Depending on the business, different companies will rely more heavily on different tactics. For example, a business that primarily relates to customers through a website may rely more on pop-up surveys, whereas a restaurant may focus more on handing out comment cards to customers. Before deciding which set of customer satisfaction measurements to implement, it's important to ensure there's a way to effectively measure customer data.
Businesses today spend more money than ever before on hiring advertisers and business consultants to help craft ways to get customers to voice their opinions, and then to measure the responses. Perhaps, for example, a business receives numerous complaints that a phone payment system is confusing and frustrating. Without devising a way to pinpoint exactly what about the payment system irritates customers, that business will have no useful idea of how to fix it. The right questions must be posed, and the right response system must in place to deal with the responses.
In the food service industry, businesses might seek to measure customer satisfaction primarily through employees. Comment cards passed out during meals at a restaurant might seek to figure out what guests enjoyed and disliked most. Businesses may also rely on employees to improve customer satisfaction, to the extent that they attach incentives to employees who can measurably improve customers’ experiences. A restaurant, for example, might reward an employee who received a favorable review from a guest. In the world of sales, employees who successfully sell products and make a favorable impression on customers—thus increasing the chance of repeat sales—may be rewarded with extra compensation.
Many companies have turned to offering rewards programs to better measure customer satisfaction. By giving the customer an incentive to sign up to a database, a company can find it easier to receive valuable customer feedback. Some movie rental services, for example, offer rewards programs that require customers' e-mails. This enables the company to make customers happier by rewarding their loyalty, and it helps to increase customer feedback by encouraging added communication between a business and its customer base.

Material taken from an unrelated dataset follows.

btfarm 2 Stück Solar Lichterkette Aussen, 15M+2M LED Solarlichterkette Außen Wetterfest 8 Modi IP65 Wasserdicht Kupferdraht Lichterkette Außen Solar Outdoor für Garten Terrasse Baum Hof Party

In a world with ever-shrinking markets, and not by coincidence, more marketing campaigns than ever before, many companies go to great lengths to measure customer satisfaction. The science of customer satisfaction has come to include everything from measuring quality of service to measuring how guests prefer to communicate their opinions. Accent training for tech support centers, for example, is an outgrowth of measuring customer satisfaction; employees living in India, helping North Americans troubleshoot personal computers, are often trained in the accent of their clients so as to establish the most effective business relationship with their clients.